A version of the bill passed unanimously in the Senate last week.
 
needle exchange
Published April 9, 2019

The Florida House is set to take up allowing needle exchanges beyond Miami-Dade, after the House Health and Human Services committee voted Tuesday to advance a bill that would let other counties create their own programs with the approval of their county commissions.

CS/HB 171 would expand a state law that created a pilot needle exchange program in Miami-Dade in 2016 — since that pilot was established, injection drug users have been able to trade dirty needles for clean ones at no charge and get connected to wound care and drug treatment. Expanding the program has been proposed every year since, though those efforts have not yet been successful. This year’s bill, sponsored by Reps. Shevrin Jones, D-West Park and Rene Plasencia, R-Orlando, cleared its final House stop unanimously and could be heard on the House floor as early as next week.

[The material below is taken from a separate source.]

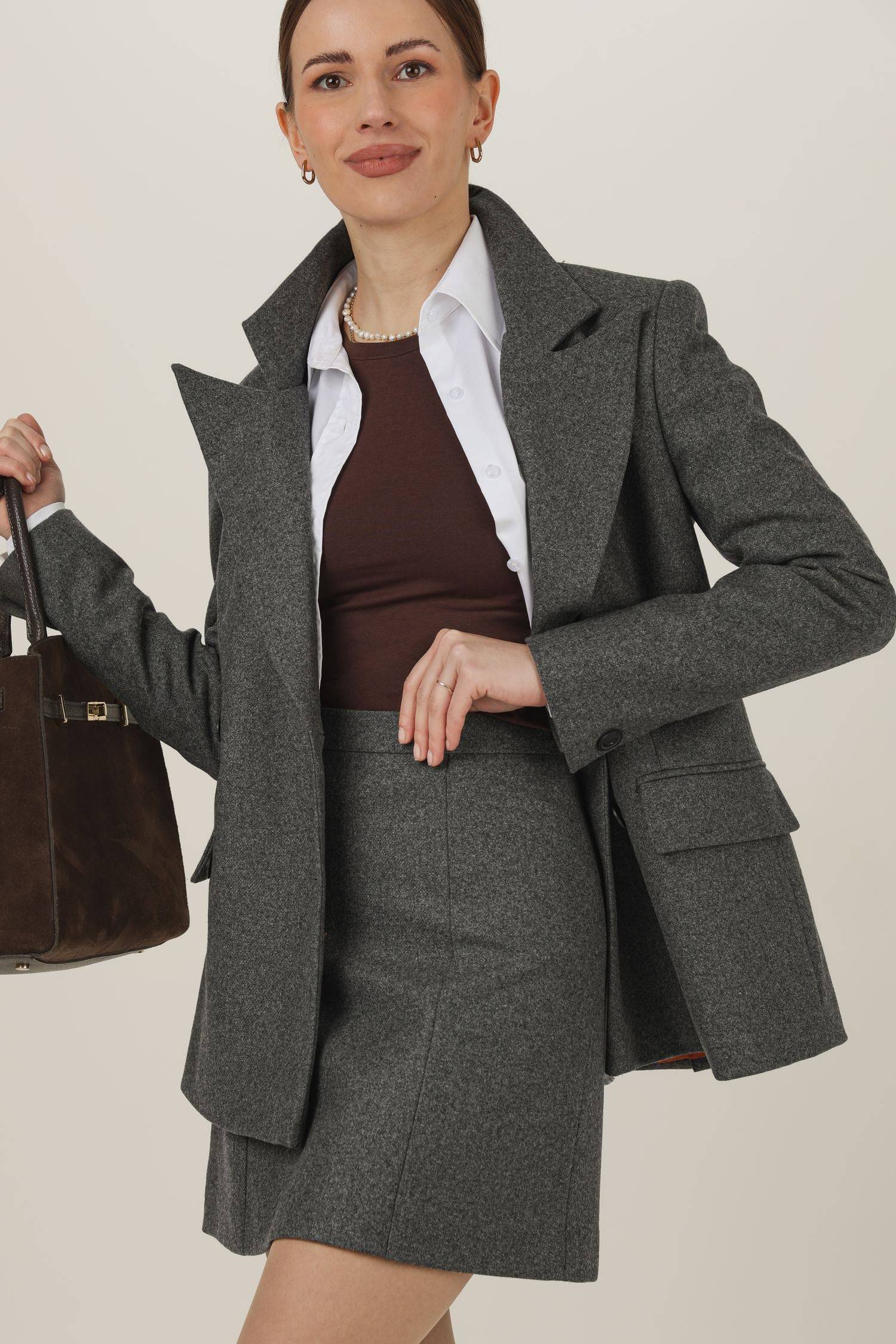 Szara wełniana spódnica z kaszmirem Eliot w połączeniu z szarą marynarką Eliot, białą rozpiętą koszulą i czekoladowym topem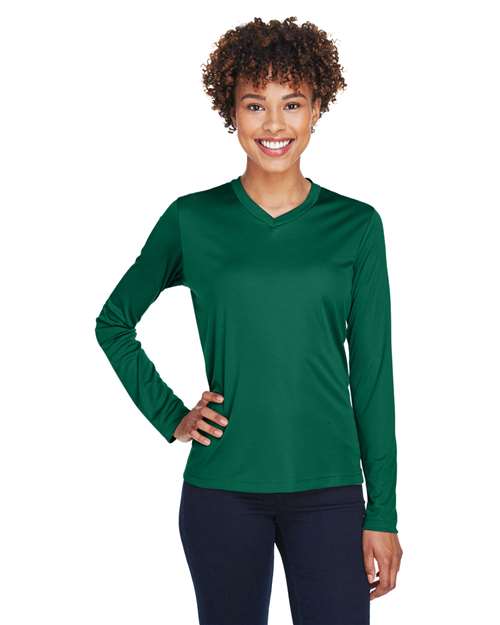 Team 365 Women’s Zone Performance long sleeve t-shirt with a lightweight, breathable design and flattering athletic fit. Features moisture-wicking fabric, making it ideal for workouts, layering, or everyday active wear.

“This is a big win for Florida,” Jones said after the vote.

As the House prepares to again take up the proposed statewide expansion, it will need to resolve some differences with the bill’s Senate companion, CS/SB 366, which the Senate approved unanimously a week ago.

The House version prohibits county funds from being used to operate such programs, though the Senate version allows local public dollars to be used. The House version is also stricter about enforcing a requirement that dirty needles be exchanged on a one-to-one basis for clean ones, though the Senate allows counties to waive that requirement under extenuating circumstances.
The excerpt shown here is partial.